Also return remaining bytes in `FromBytes` conversion methods
This change makes the slice and non-slice conversion methods consistent, and provides a lightweight way (i.e., without Ref) to access the leftover bytes after conversions. For instance, this:
trait FromBytes {
fn ref_from_prefix(bytes: &[u8]) -> Option<&Self>
where
Self: KnownLayout + NoCell;
}
...becomes this, in this PR:
trait FromBytes {
fn ref_from_prefix(bytes: &[u8]) -> Option<(&Self, &[u8])>
where
Self: KnownLayout + NoCell;
}
...where the second element of the tuple are the remaining bytes. Providing the remainder eases the pattern where a T is parsed from a buffer, and then the buffer is advanced to exclude the parsed T.
This PR tests out the 'feel' of tuple-returning conversion methods. Alternatively, we could provide a mirror set of _split methods.
Addresses #1051, but is the antithesis of #884. Inspired by https://github.com/google/zerocopy/issues/1051#issuecomment-2007575409. It's syntactically cheap for users to discard remaining bytes at call sites if they wish, but the alternative — discarding the excess and requiring users to go through Ref — is syntactically and cognitively expensive.
While I'm obviously in favor of doing this in general, I feel like modifying the existing methods would be too large of a breaking change to be worthwhile, which was why I suggested new methods.
Hm, we'll need to balance the costs of subjecting current users to breaking changes, against the costs of subjecting current and future users to a more bloated API. Adding _split methods consistently would require adding eight additional methods to FromBytes (which has 14 methods in our latest 0.8 pre-release):
mut_from
mut_from_prefix
+ mut_from_prefix_split
mut_from_suffix
+ mut_from_suffix_split
mut_slice_from
mut_slice_from_prefix
+ mut_slice_from_prefix_split
mut_slice_from_suffix
+ mut_slice_from_suffix_split
read_from
read_from_prefix
+ read_from_prefix_split
read_from_suffix
+ read_from_suffix_split
ref_from
ref_from_prefix
+ ref_from_prefix_split
ref_from_suffix
+ ref_from_suffix_split
slice_from_prefix
slice_from_suffix
That's quite a hefty addition, and whatever course of action we take here will also likely be taken for our upcoming TryFromBytes trait, too.

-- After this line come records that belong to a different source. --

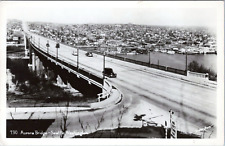 RPPC - Aurora Bridge, Seattle Washington - Real Photo Postcard - Old Cars c1940s picture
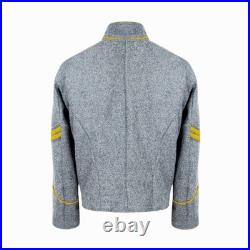 US Civil War Confederate Corporal Chevron Jacket Grey with Yellow Stripes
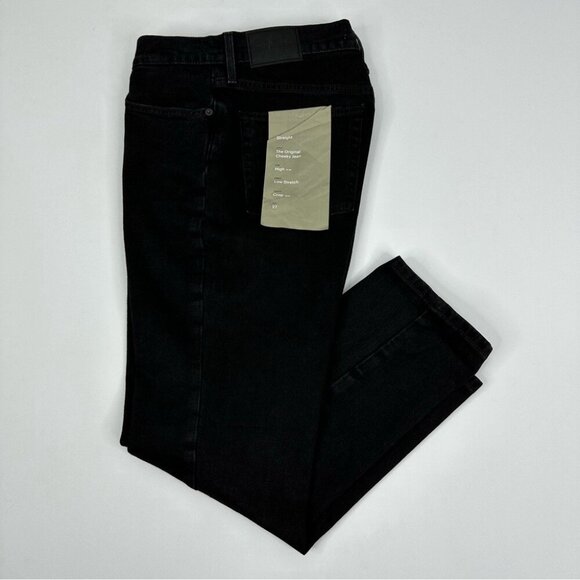 Everlane Women’s NWT Black The Original Cheeky Straight Leg Jean W27-29/L25.5 - Picture 3 of 11
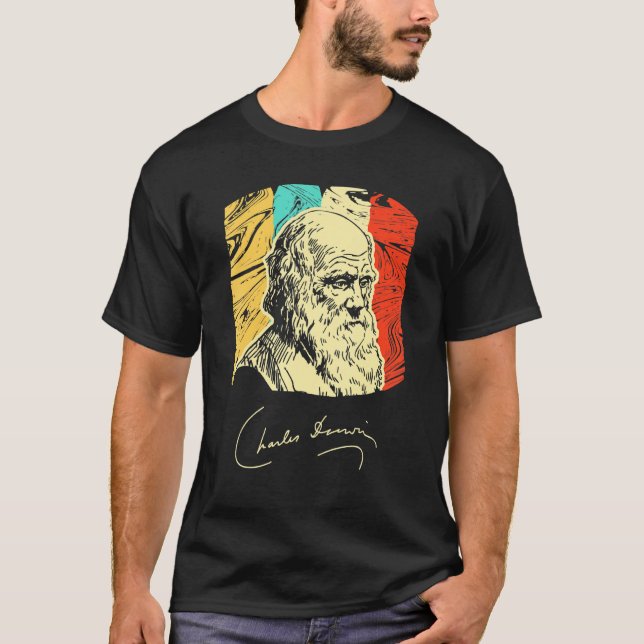 Camiseta Charles Darwin Naturalista Biologista Relatório Ci (Frente)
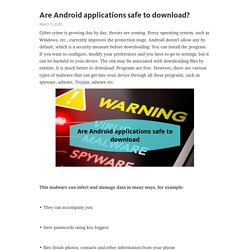 Are Android applications safe to download?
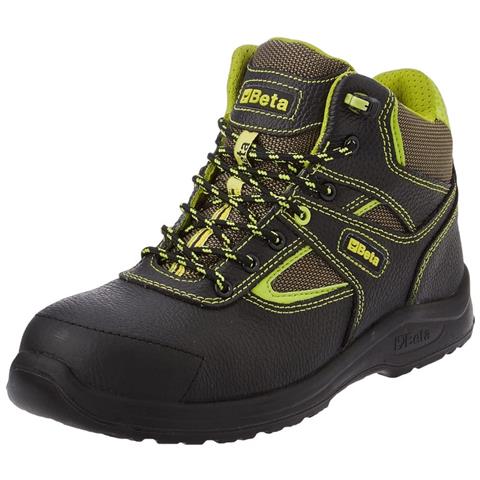 Scarpe Antinfortunistiche Alte In Pelle Idrorepellente E Puntale In Composito 7221 - 46 - Foto 2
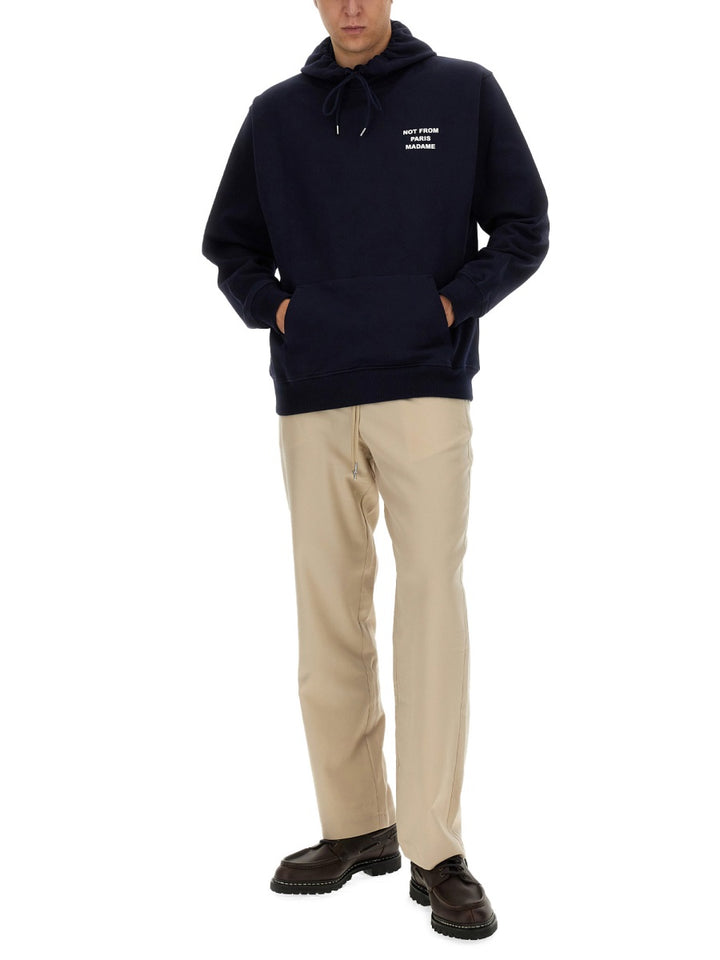 Drôle De Monsieur Sweatshirts - Blue | Wanan Luxury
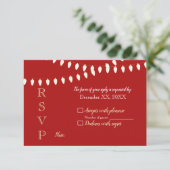 Merry and Bright Lights RSVP Kaartje (Staand voorkant)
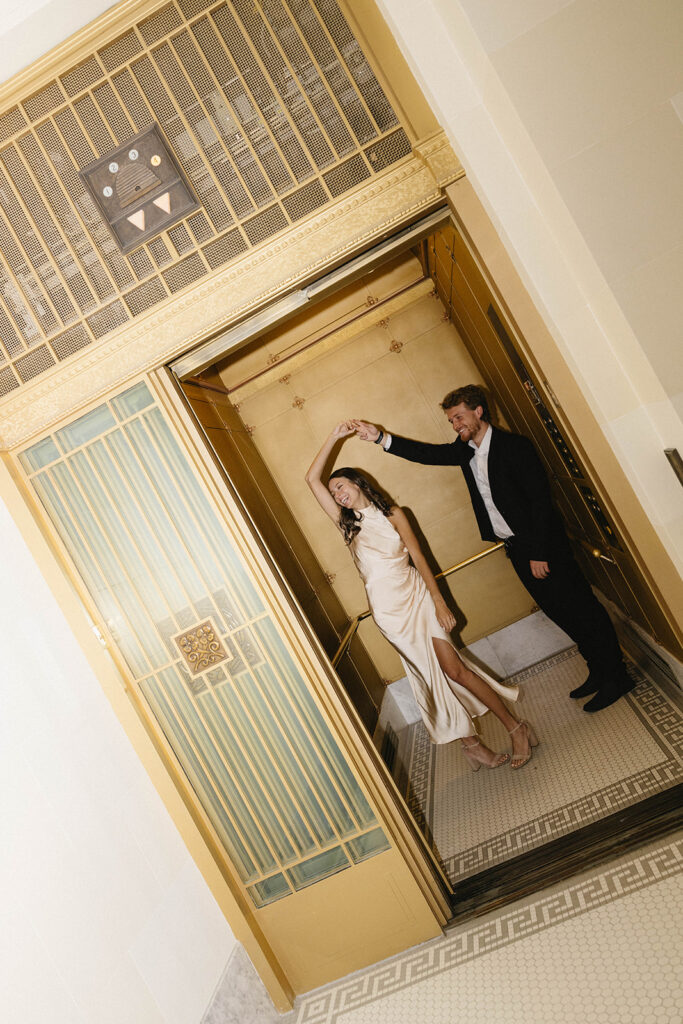 happy couple at their dream photoshoot in utah 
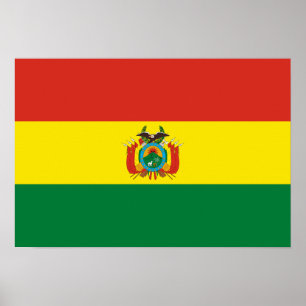 Patriotic Bolivia Flag Poster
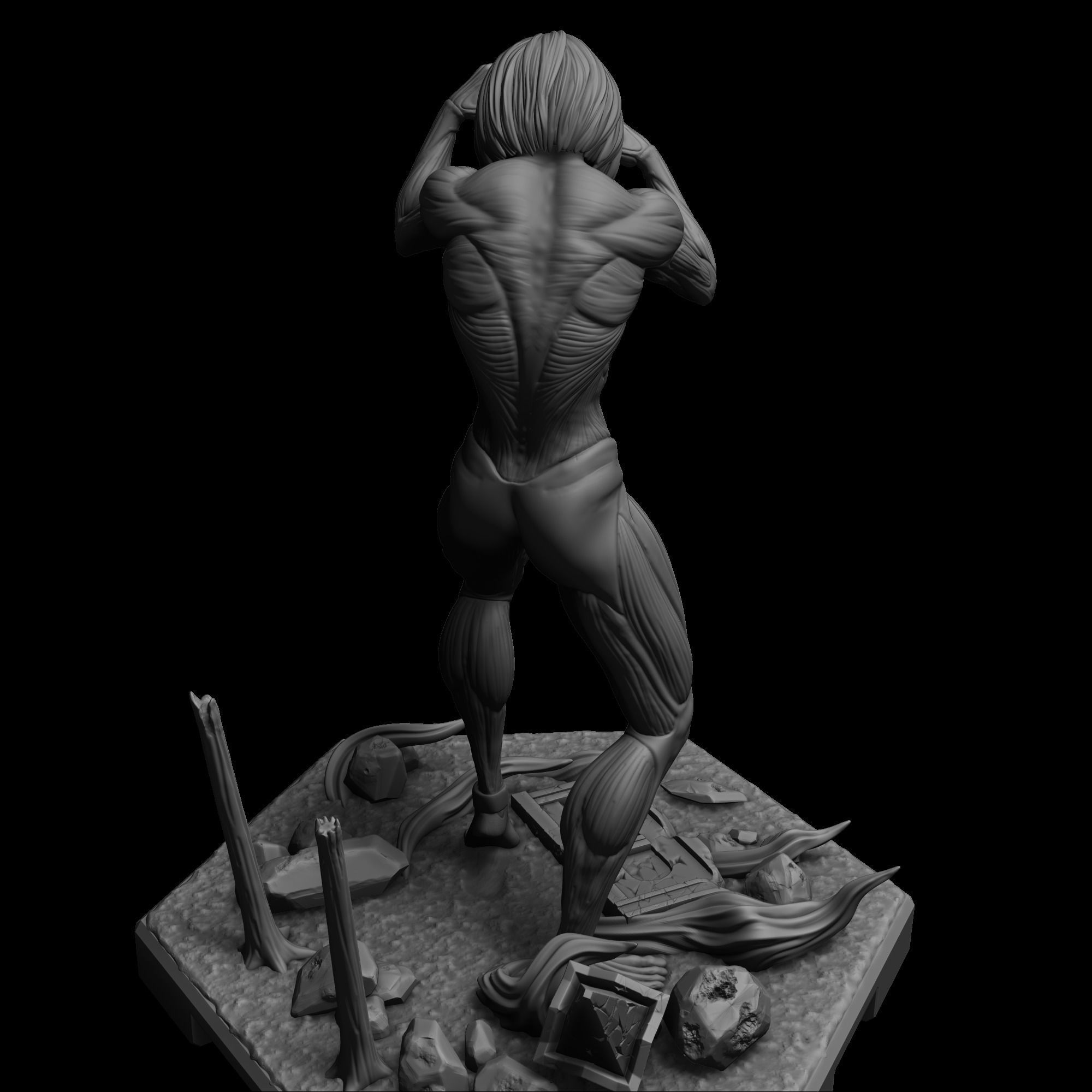 Female Titan - Shingeki no Kyojin 3D print model_6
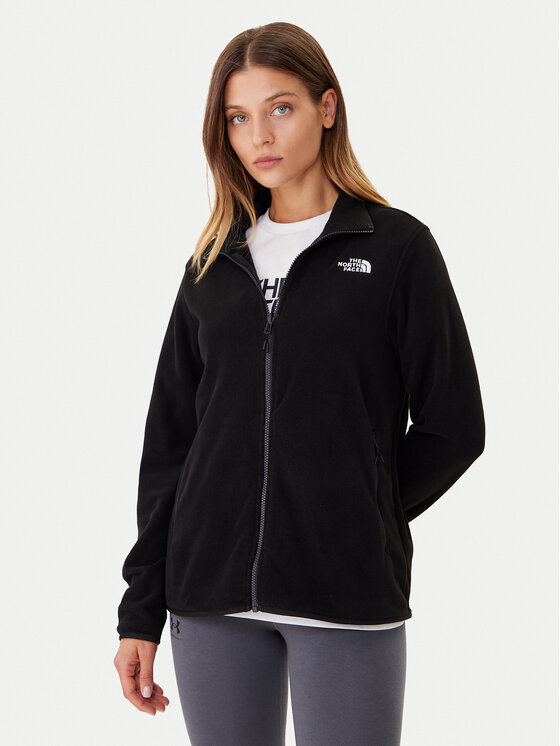 The North Face Полар Glacier NF0A8D2F Черен Regular Fit цвят на ниска цена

Since we're preparing for a major breaking release anyways, we have a bit more license than usual to consider breaking changes.
As I discuss in https://github.com/google/zerocopy/issues/884#issuecomment-2027828809, I'm strongly in support of not removing the plain-casting methods that don't return the suffix. Embedded code should do the minimum work necessary for the job. Zerocopy has a few design decisions that are good for networking code, but bad for embedded, like how all of the byteorder items are also unaligned. Removing these methods pushes it further in an embedded-hostile direction.
I personally find the zerocopy APIs lacking in useful transitive operations like this, so I would prefer the "bloat" of adding these methods and keeping the plain-casting ones.
What do you think of these methods starting with split_ instead of ending in _split? split_mut_from_prefix reads clearly in the imperative mood and highlights that it's doing more than just a bounds-check and pointer cast: it's splitting as well. This split is an extra operation, both cognitively and for the compiler.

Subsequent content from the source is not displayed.